- Work task: Look through the lines below and copy each one that includes "Pine".

<<<<

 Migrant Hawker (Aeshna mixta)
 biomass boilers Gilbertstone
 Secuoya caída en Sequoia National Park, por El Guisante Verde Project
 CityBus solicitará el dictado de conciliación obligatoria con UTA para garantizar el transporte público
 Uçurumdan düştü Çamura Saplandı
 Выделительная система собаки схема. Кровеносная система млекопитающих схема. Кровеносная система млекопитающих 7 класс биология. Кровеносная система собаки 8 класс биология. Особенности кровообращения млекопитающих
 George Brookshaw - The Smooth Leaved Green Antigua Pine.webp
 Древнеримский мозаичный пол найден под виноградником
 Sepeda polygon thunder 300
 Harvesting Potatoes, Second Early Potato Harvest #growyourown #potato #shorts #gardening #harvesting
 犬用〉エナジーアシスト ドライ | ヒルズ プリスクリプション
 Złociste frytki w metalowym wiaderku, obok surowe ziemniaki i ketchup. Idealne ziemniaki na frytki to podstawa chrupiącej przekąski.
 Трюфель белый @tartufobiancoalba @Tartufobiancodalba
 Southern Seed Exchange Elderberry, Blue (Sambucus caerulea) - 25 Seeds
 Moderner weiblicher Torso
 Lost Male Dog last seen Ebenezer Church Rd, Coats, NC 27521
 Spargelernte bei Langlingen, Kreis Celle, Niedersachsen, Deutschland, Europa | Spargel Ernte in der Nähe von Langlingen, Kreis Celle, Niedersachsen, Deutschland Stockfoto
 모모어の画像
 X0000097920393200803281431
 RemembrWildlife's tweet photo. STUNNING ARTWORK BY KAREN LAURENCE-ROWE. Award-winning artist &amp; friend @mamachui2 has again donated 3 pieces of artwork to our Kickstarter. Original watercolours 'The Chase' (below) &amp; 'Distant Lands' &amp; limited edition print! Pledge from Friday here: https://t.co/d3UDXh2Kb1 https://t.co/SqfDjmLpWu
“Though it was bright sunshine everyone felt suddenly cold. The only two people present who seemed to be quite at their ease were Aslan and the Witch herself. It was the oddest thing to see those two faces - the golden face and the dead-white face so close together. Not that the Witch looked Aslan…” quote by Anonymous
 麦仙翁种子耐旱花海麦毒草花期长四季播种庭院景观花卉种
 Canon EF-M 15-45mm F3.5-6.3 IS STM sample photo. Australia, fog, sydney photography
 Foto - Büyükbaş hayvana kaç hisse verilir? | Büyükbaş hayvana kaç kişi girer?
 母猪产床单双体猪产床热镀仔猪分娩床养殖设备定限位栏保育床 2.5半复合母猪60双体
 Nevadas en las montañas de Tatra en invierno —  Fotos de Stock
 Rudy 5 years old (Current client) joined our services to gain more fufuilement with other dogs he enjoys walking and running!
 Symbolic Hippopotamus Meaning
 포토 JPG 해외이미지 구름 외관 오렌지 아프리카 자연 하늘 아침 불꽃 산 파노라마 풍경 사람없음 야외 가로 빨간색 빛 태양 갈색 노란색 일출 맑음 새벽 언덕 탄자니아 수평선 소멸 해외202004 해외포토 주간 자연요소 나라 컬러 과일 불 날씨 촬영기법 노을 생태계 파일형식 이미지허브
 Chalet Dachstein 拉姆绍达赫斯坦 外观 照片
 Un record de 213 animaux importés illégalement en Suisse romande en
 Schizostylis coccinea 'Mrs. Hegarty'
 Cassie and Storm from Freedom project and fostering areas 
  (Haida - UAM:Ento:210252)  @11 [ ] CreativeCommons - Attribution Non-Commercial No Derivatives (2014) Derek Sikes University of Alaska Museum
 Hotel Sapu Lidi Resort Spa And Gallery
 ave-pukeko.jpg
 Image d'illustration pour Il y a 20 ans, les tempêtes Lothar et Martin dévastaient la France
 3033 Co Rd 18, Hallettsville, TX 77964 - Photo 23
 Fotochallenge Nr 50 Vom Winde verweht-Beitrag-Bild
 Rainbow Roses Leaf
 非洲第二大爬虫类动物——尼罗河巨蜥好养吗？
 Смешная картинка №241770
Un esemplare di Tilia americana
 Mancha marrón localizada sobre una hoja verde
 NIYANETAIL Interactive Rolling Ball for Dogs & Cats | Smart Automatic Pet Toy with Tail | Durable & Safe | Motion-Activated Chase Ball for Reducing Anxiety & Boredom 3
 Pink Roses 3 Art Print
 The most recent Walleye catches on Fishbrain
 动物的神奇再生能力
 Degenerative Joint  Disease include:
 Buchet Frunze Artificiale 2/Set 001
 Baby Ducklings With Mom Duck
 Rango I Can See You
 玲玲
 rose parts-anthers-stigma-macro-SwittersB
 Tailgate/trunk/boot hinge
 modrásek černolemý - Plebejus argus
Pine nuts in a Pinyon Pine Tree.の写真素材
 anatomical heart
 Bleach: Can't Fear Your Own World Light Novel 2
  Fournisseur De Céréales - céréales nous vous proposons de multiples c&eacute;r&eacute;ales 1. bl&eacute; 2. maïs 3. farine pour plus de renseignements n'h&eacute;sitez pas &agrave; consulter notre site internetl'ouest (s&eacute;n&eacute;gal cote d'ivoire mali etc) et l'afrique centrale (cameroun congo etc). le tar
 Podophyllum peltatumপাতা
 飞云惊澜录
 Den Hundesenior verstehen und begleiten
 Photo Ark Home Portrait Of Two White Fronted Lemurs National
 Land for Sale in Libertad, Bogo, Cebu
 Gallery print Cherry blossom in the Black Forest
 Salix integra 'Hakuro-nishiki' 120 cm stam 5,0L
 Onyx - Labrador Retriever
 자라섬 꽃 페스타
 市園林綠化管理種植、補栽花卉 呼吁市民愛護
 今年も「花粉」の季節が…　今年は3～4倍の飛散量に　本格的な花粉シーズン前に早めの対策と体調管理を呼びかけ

>>>>

- Response box:
 George Brookshaw - The Smooth Leaved Green Antigua Pine.webp
Pine nuts in a Pinyon Pine Tree.の写真素材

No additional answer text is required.